Listen to my podcast, Taylor's Take, on SoundCloud, where I reflect on my journal entires and provide commentary on The Bachelor.
Will You Accept This Rose?
The first night is in the books! I had the pleasure of sharing this episode with family and friends who held a beautiful viewing party for me. One thing that was really important to me going on The Bachelor was to share my experience and who I am, and to be open to this level of exposure and vulnerability. I was overwhelmed by the amount of support I received from the people in my community. It takes a lot of courage to put your life on pause and put yourself out there in such a crazy experience where, let's be honest, the odds are stacked against you. Watching this episode, I felt proud of every woman who took a chance and stepped out of a limo.
Before and after the first night I spent time grounding myself and focusing in on how this experience would challenge me and what I wanted out of it. Being without phone, internet, or social support I spent a lot of time journaling these thoughts and feelings...and now I would like to share them with you.

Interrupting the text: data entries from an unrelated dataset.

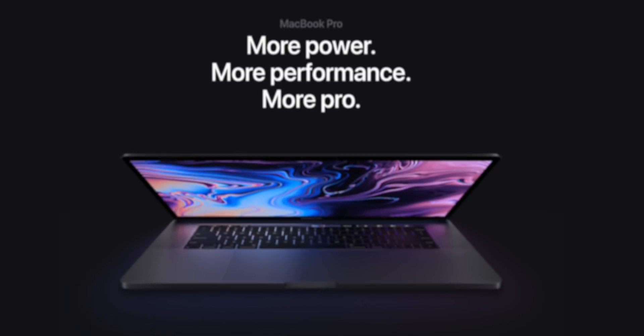Yo guys, Jonathan here, and Apple finally dropped updates to the MacBook Pro. Here's the good, the bad, and also the weird.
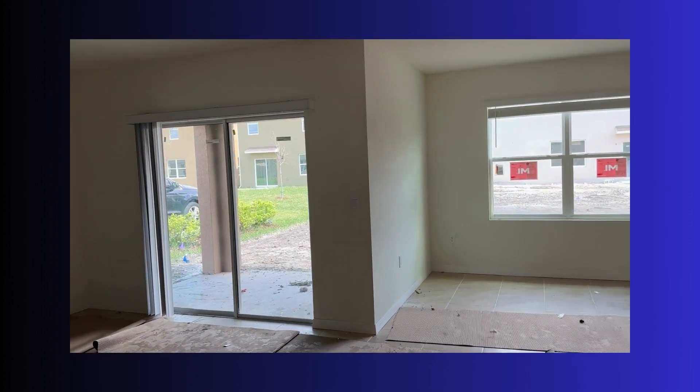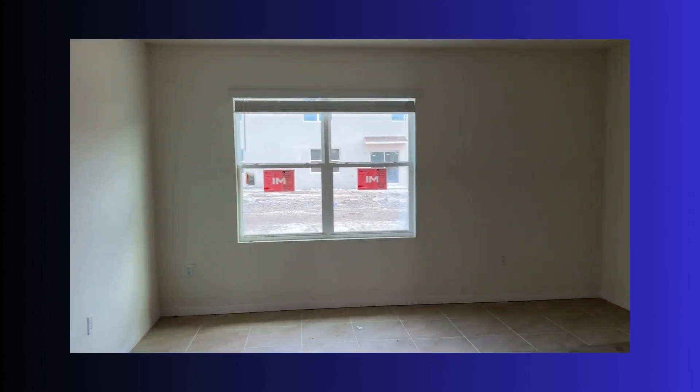Like I said, there's still a bunch of stuff to be done in this one. $15,000 in closing costs.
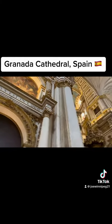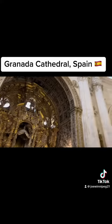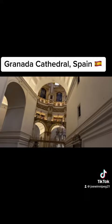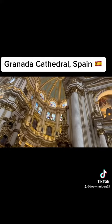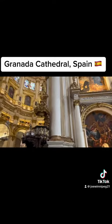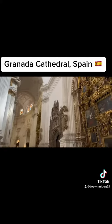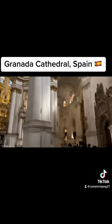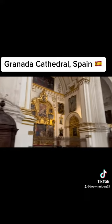Next to the cathedral is the Royal Burial Chapel, the Capilla Real, from 1517, with the mausoleum of the Catholic royal couple Ferdinand, Isabella, Juana, Lalocca, and Felipe el Hermoso. The later kings, however, were buried in the monastery El Escorial nearby Madrid. In the sacristy of this chapel, you can now find a collection of art objects that once belonged to Queen Isabella.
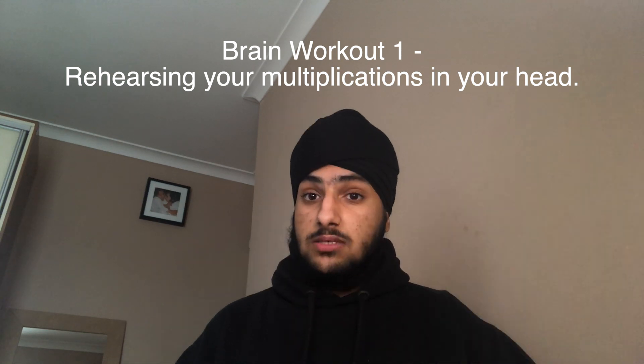Number two is the brain workout to help sleep better. This is one I also used quite a lot during my high school days. There are two brain workouts that I do. One is rehearsing my multiplications, and number two is the alphabet game.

Today is the day. I'm about to have the weirdest first date of my life. Be your authentic self. Taylor, you're wonderful. I'm feeling somewhat okay about all of this. I've handed over control and am having faith in this process, not necessarily of the show, but of life. I am going to trust this experience and myself. I will be myself, I will dig deep, I will be vulnerable, and I will dare greatly. I'm really excited for this journey. I have to get comfortable in the unknown. I don't know how things will turn out and it is totally out of my control. This is such a new, different, weird, and unique experience. I'm excited about what I'll learn throughout this process and how I'll be challenged. It is definitely scary and I'm nervous, but I know it will all be good in the end, and I'm having faith in that.
This is so much to take in, but it feels so good to finally be here. I'm going to really take advantage of my time here and be present with each moment. I have to let go of the fear of uncertainty and gain the strength to believe in what i cannot see...which is literally this ENTIRE experience. I am ready to have someone to share my love with and I'm ready to accept someone else's love.

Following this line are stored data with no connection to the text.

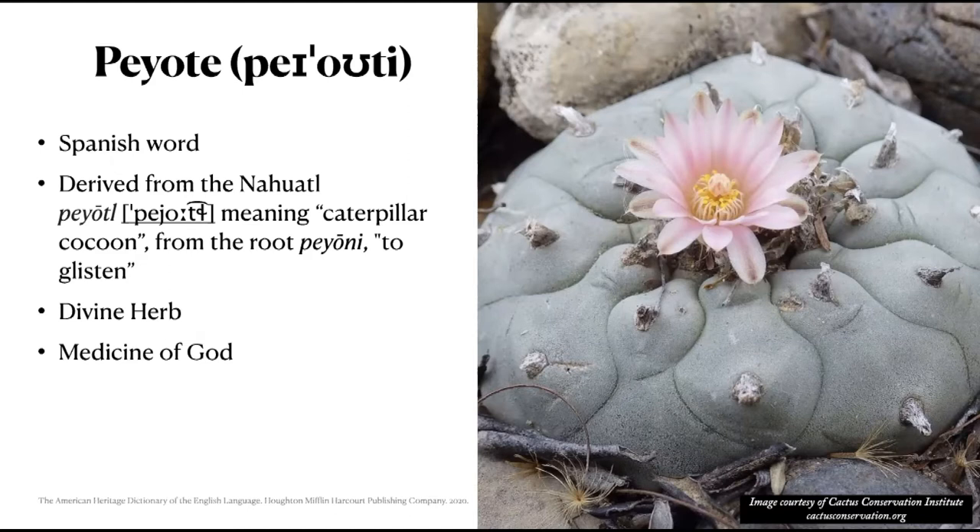In the context of this presentation, since we're looking at the culture, use, and history of the plant, most people culturally accept it as peyote, so we'll just call it peyote. The name peyote is a Spanish word derived from the Nahuatl peyoto, meaning caterpillar cocoon, from the root peyoni, to glisten. Other names include the divine herb and medicine of god. The plant is native to Mexico and southwestern Texas, found growing under small shrubs known as nurse plants.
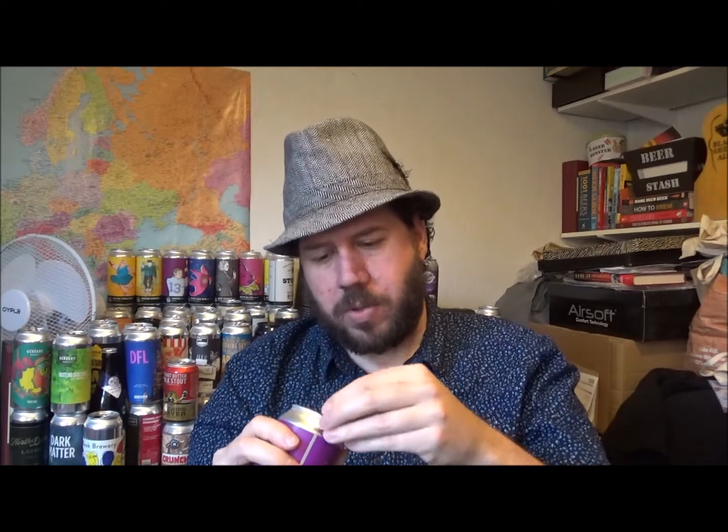This has got a best before of the 31st of October 2021, so it's a new beer. It was added to Untappd on the 13th of April 2021, so it's been around since then. I've seen it knocking around, and as always, give them a try.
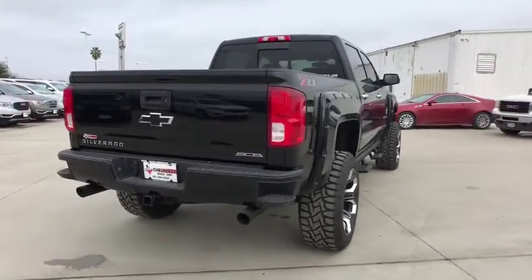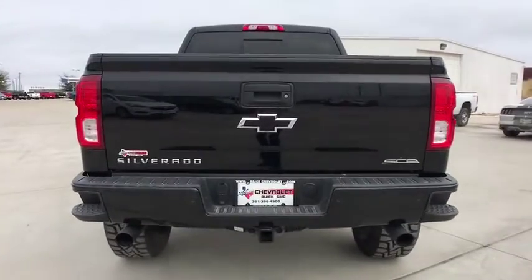This vehicle has less than 100 miles. Here are some of this vehicle's great options.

I've reached a point in my life where I know I am enough just as I am. I've done the internal work to truly believe that I am enough. I want a partner that will feel the same way, not only about me but also about himself. I want the confidence I'm feeling now to follow me throughout this experience, even when shit gets really hard. I hope that I do actually like him. I hope he likes me too.
It would be incredibly fucking insane if he and I actually connected and established a real relationship together.
What a fucking trip. I think I have to remain open-minded, authentic, and vulnerable. I have to stay true to my thoughts and feelings, and be open with them. I will be assertive in my pursuit for creating a relationship with him...given that I actually like him.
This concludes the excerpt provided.